J'ai mené à bien tout cela alors même que mon budget diminuait. La réalité est que la somme dont je dispose maintenant pour faire mon travail a diminué de 11 %.

De plus, au cours du précédent exercice, nous avons connu une hausse de 30 % des nouvelles plaintes, ce qui a mené notre organisation à un point critique. Bien que nous ayons réglé 10 % de dossiers supplémentaires par rapport à l'exercice précédent, le nombre de plaintes à traiter a grimpé de 16 %. C'est la première hausse d'une telle envergure que j'aie connue.

Donc, mon équipe d'enquêteurs travaillant à la limite de ses possibilités, je n'ai aucune souplesse financière pour augmenter ma capacité d'enquête ou pour anticiper les urgences. Mon budget est si serré que j'ai fait un écart de quelque 37 000 $ à la fin du précédent exercice. C'est pourquoi je n'ai pas l'argent nécessaire pour réagir aux situations imprévues, comme une panne de serveur.

Les choses ne vont pas aller en s'améliorant, car le nombre de plaintes, tout comme les pressions financières, vont continuer à croître.

À moins que mon budget ne soit augmenté, je n'ai qu'une possibilité, à l'approche de ce nouvel exercice financier, pour respecter mon crédit budgétaire : faire des coupures dans le programme.

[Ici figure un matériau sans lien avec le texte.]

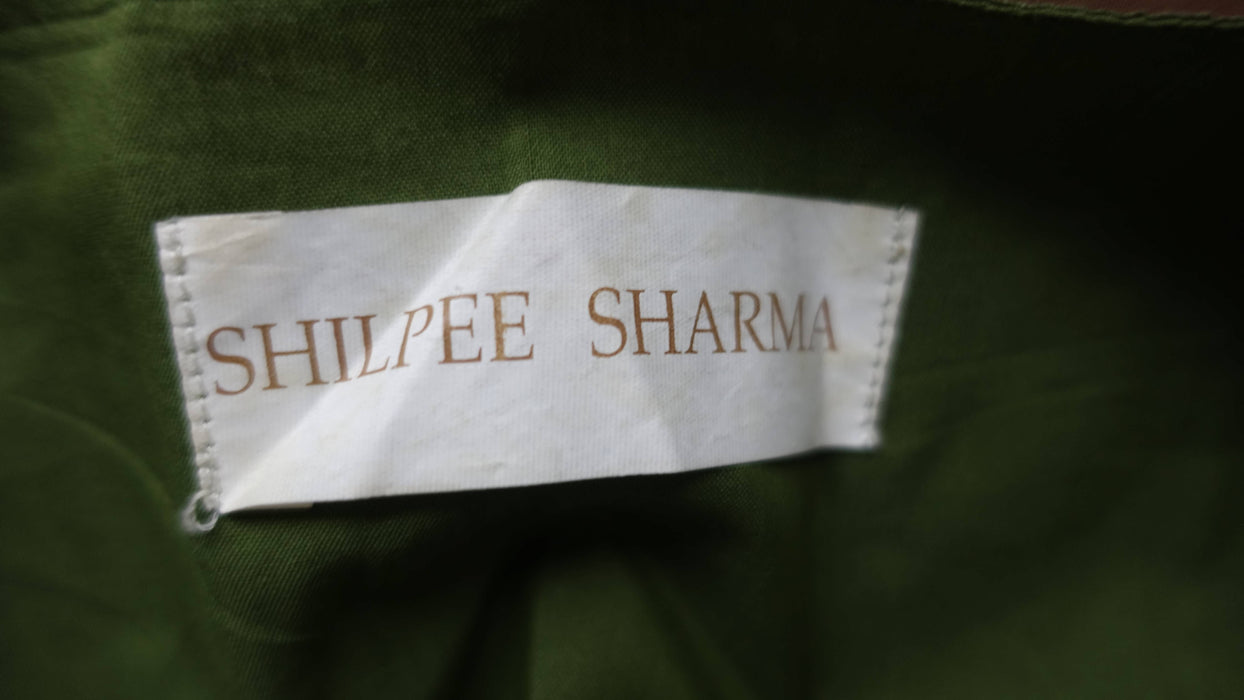 Green Vintage Tissue Silk Salwar Kameez - UK 12/EU 38 - New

Je ne prends pas cette décision à la légère. Mon rôle de surveillance indépendante est essentiel au système d'accès à l'information, qui est lui-même le fondement de la transparence et de la responsabilisation. Le gouvernement en a fait des objectifs prioritaires. Le travail que j'effectue avec le Commissariat est essentiel pour lui permettre de les atteindre.

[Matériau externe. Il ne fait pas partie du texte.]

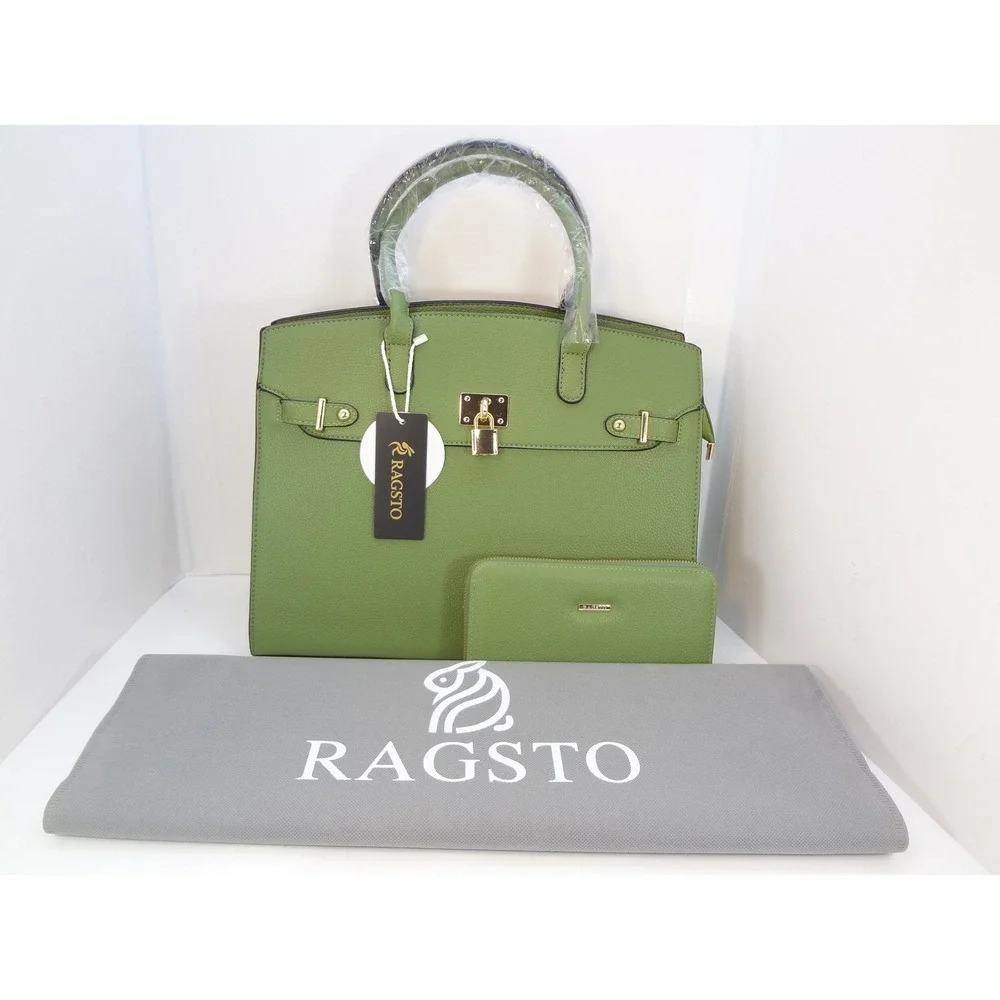 Ragsto Satchel Handbag Wallet Set Large Green New Pebbled Faux‎ Leather Padlock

Mais, à mesure que ma charge de travail augmente, le délai entre le moment où je reçois les dossiers et celui où je peux les attribuer à des enquêteurs s'allonge. Les retards qui en découlent mettent déjà en péril le droit d'accès à l'information. Les requérants devront attendre encore plus longtemps pour obtenir l'information. Cela portera ensuite atteinte à leur droit de poursuivre l'affaire auprès de la Cour fédérale, car ils doivent attendre la fin de notre enquête pour le faire.

Une telle évolution est la dernière chose que je souhaite aux Canadiens, qui ont le droit d'accéder en temps opportun aux renseignements gouvernementaux.

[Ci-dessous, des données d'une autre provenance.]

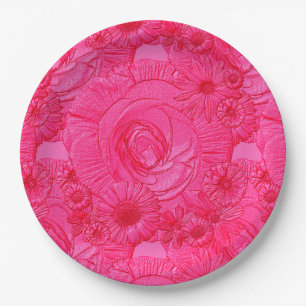 Embossed Blume-Hot Pink-PAPER-TELLER Pappteller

J'ai sonné l’alarme concernant notre situation financière chaque fois que l'occasion s'est présentée. J'ai aussi approfondi chaque possibilité de préserver mon budget et de conserver l'intégrité du programme. Cela comprend le dépôt de demandes de financement au cours de l'exercice 2014 et, tout récemment, pour l'élaboration du budget 2015, mais sans succès jusqu'à présent.

En conclusion, permettez-moi de dire que je pense avoir démontré clairement par mes actes durant mon mandat de commissaire ce dont j'ai toujours été convaincue : que la gestion efficace des fonds publics est d'une importance capitale.

J'ai dit par le passé aux membres du Comité que j'aurais des décisions très difficiles à prendre pour respecter mon crédit budgétaire, être à la hauteur de mon mandat et maintenir l'excellence en matière de gouvernance. J'ai sans aucun doute dû prendre ces décisions.

Comme je l'ai dit dans mon dernier Rapport ministériel sur le rendement : « Sans financement supplémentaire, je ne serai plus en mesure d'accomplir mon mandat de façon responsable et d'assurer le respect total des droits d'accès à l'information des Canadiens. »

En l'absence de ressources supplémentaires, je devrai, en gestionnaire responsable des fonds publics, faire des coupures dans le programme pour garantir la poursuite des activités du Commissariat dans le respect du crédit budgétaire alloué.

Rassurez-vous : je m'éloignerai du gouffre fiscal plutôt que de basculer dans le vide. Mais, ce faisant, le droit quasi constitutionnel d'accès à l'information pour les Canadiens sera de plus en plus souvent bafoué.

Merci. Je répondrai volontiers à vos questions.